Wednesday, February 10, 2010

LAKE ICE: Ice Formation

I could not find any reference to blue ice but this is what I found for black ice and white ice.... There might be a quiz!

Lake ice occurs primarily in the Northern Hemisphere, where most of the ice is seasonal: it forms in the autumn, thickens during the winter and melts in the spring.

Meteorological factors such as air temperature, precipitation, wind speed and radiation balance coupled with physical characteristics of the lakes and ice (lake area, depth, volume and fetch; snow depth; ice thickness, type and albedo) lead to complex interactions and feedbacks that affect the timing of freeze-up and break-up (ice cover duration) each year.

In general, there are two types of lake ice. They are:

Congelation Ice (black ice) forms as water freezes on the bottom of the ice cover and the latent heat of crystallization is conducted upwards through the ice and snow to the atmosphere. Its growth rate is proportional to the rate at which energy is transferred from the bottom surface of the ice layer to the air above.
Congelation ice is often referred to as black ice because it has a high optical depth that permits significant light transmission to the underlying water.

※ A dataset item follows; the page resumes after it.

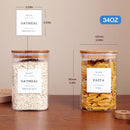 CZZGSM 6 Pack Square Kitchen Storage Jars with Airtight Bamboo Lids and 132…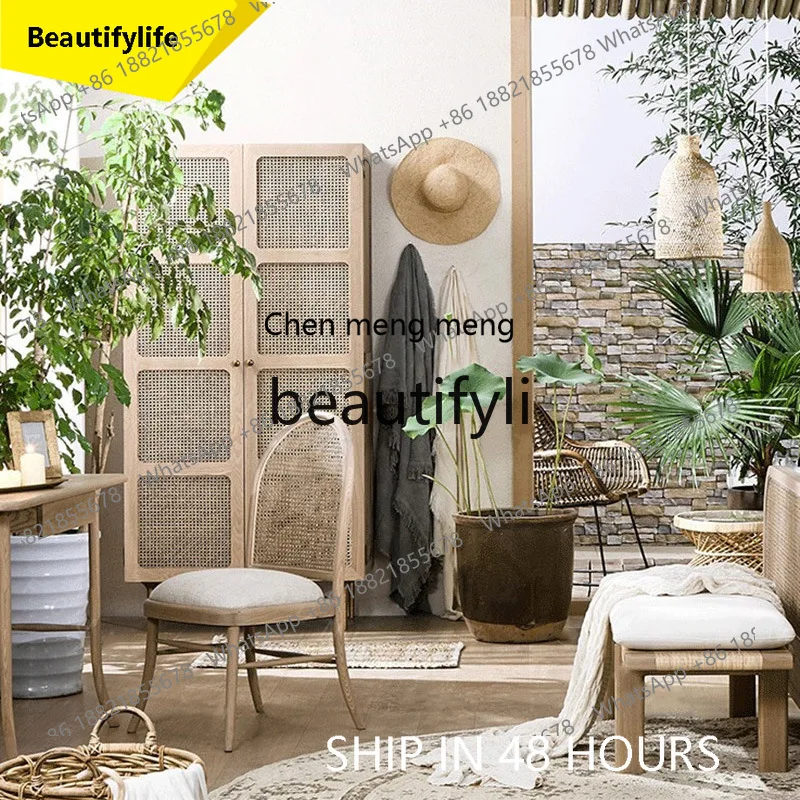CC Nordic light luxury solid wood woven rattan double door wardrobe log color old storage coat cabinet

Snow Ice (white ice) forms when the weight of a snow cover is sufficient to overcome the buoyancy of the ice supporting it, the ice surface becomes submerged and water flows through cracks in the ice and saturates the snow, which then freezes.
Snow ice is often referred to as white ice because it contains a large number of densely packed air bubbles and small ice crystals that cause strong light scattering and a high albedo.